Electrocardiography (ECG) is a measurement tool used to measure the heart’s electrical activity. By attaching electrodes to specific locations in the body, an electrocardiogram analyzes heart rate, as well as sinus rhythm of an individual at rest and post exercise. This is demonstrated through a graphical record of the physiological events occurring in the heart during atrial and ventricular depolarization and repolarization phases. The objective of this lab is to evaluate the key components of a normal sinus wave and the correlation between heart rate and exercise.

Methods and Materials

For this ECG lab, a group member was selected as the subject while another group member started up the Biopac software on the computer. The subject was sitting on a chair while the other group members sanitized (using special sanitized wipes) the surface where the electrodes would be attached. After electrodes were stuck on the inside of both ankles and the right wrist, a red lead was attached to the left ankle, a black lead on the right ankle, and a white lead attached on the right wrist. To measure the resting heart rate of the subject, a member controlling the Biopac software selected ‘calibration’ and recorded the ECG pattern of the subject for 15 seconds. The location of the seated recording was marked. The PR interval, PR segment, QRS complex, QT interval, and the ST segment of one sinus rhythm were recorded to be analyzed after. The leads were removed from the electrodes, while the electrodes remained attached to the subject.

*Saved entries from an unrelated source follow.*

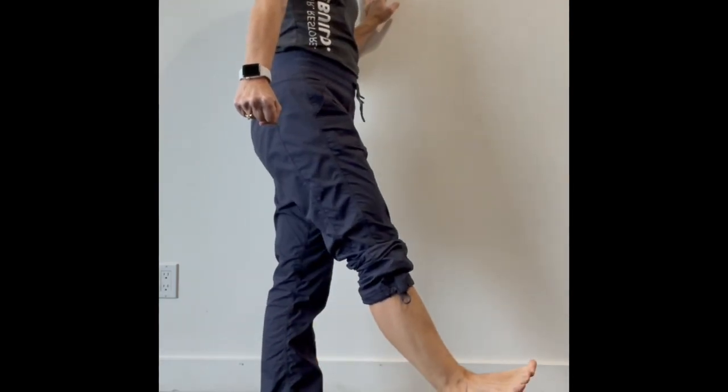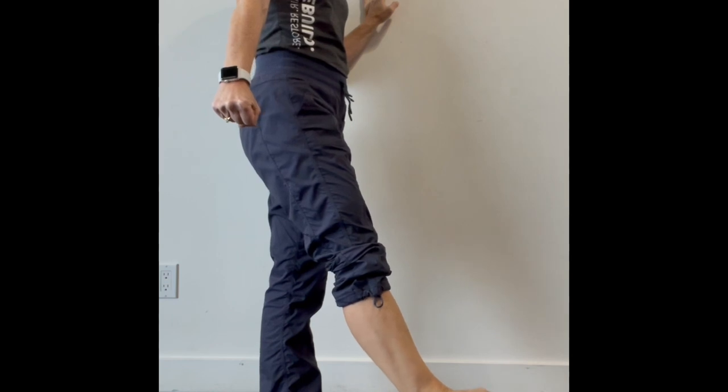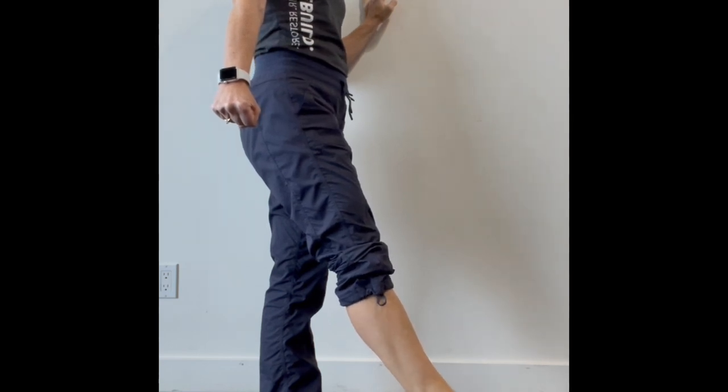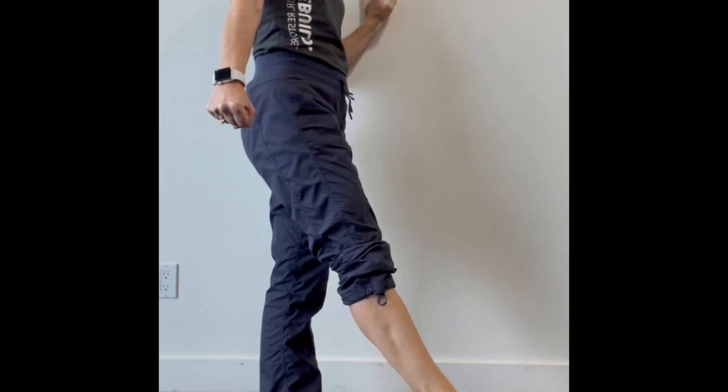These are ankle circles. You're going to squeeze onto the rest of your leg to make sure nothing else moves, and then I want you to point your foot as hard as you can, taking your foot out to the side, lifting it up to the ceiling, and then taking it out to the other side, pointing it back down to the floor.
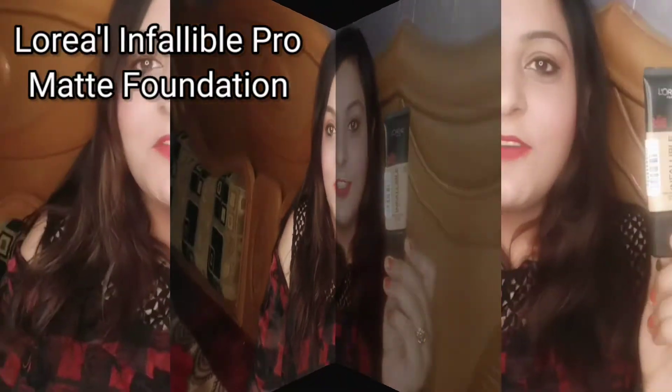Hey guys, welcome back to my channel. I hope you are doing well. Today I am going to review the L'Oreal Infallible Pro Matte Foundation. It looks like a squeeze tube and it's a very lightweight plastic squeeze tube. The shade name written here is 105 Natural Beige. You can choose your suitable shade, and my shade is 105.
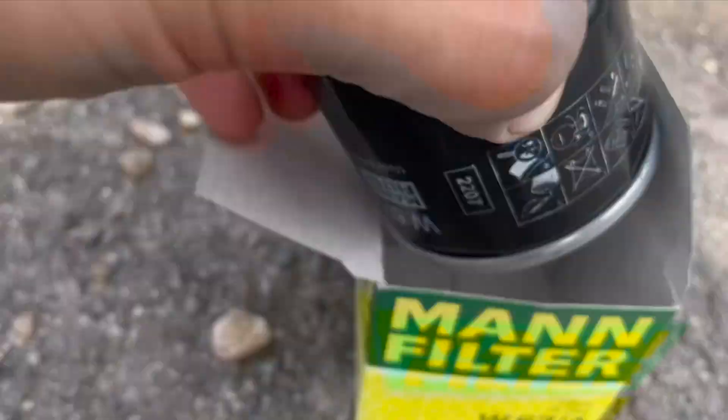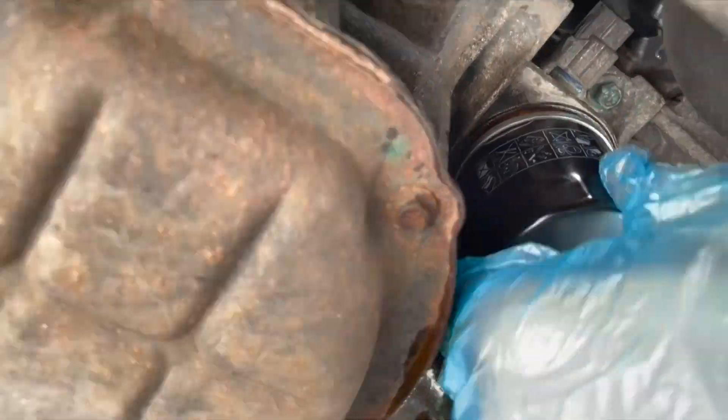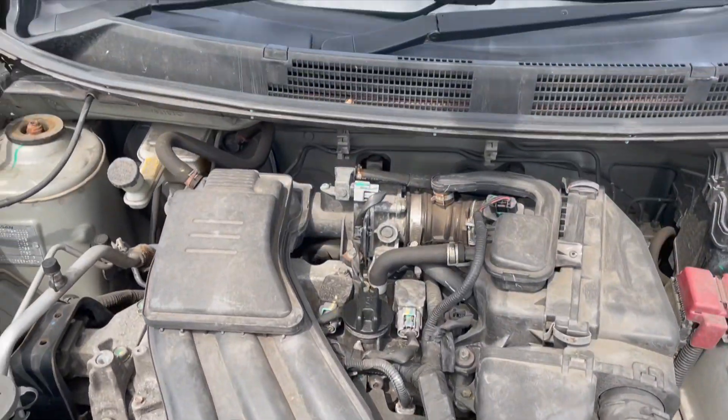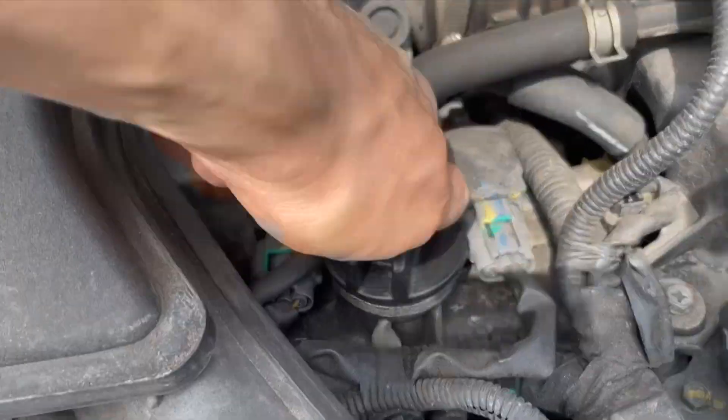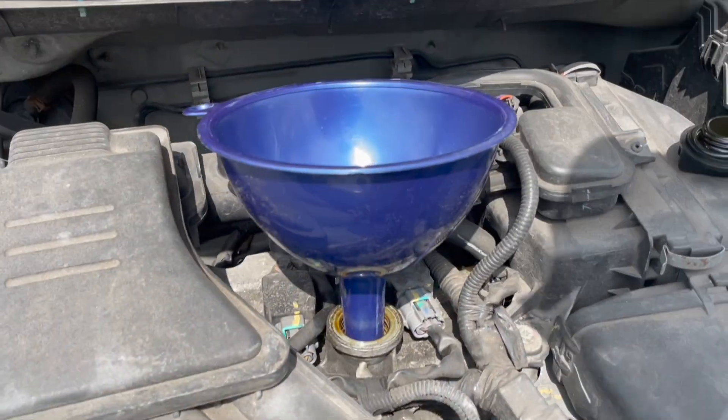Get your new filter and attach it. Pour in the new oil. And that's that.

The second part of the procedure required the group member to perform some sort of exercise that would elevate their heart rate. In this lab, 40 burpees were performed. After the exercise, the leads were quickly reattached by the group members to their respective electrodes and calibration was recorded by the member in charge of the Biopac software. The purpose of the second procedure was to measure the heart rate of the subject in beats per minute after exercise. The PR interval, PR segment, QRS complex, QT interval, and the ST segment of one sinus rhythm were once again recorded to compare with the resting heart rate values for % change. After all the required components were recorded, all the leads and electrodes were removed from the subject.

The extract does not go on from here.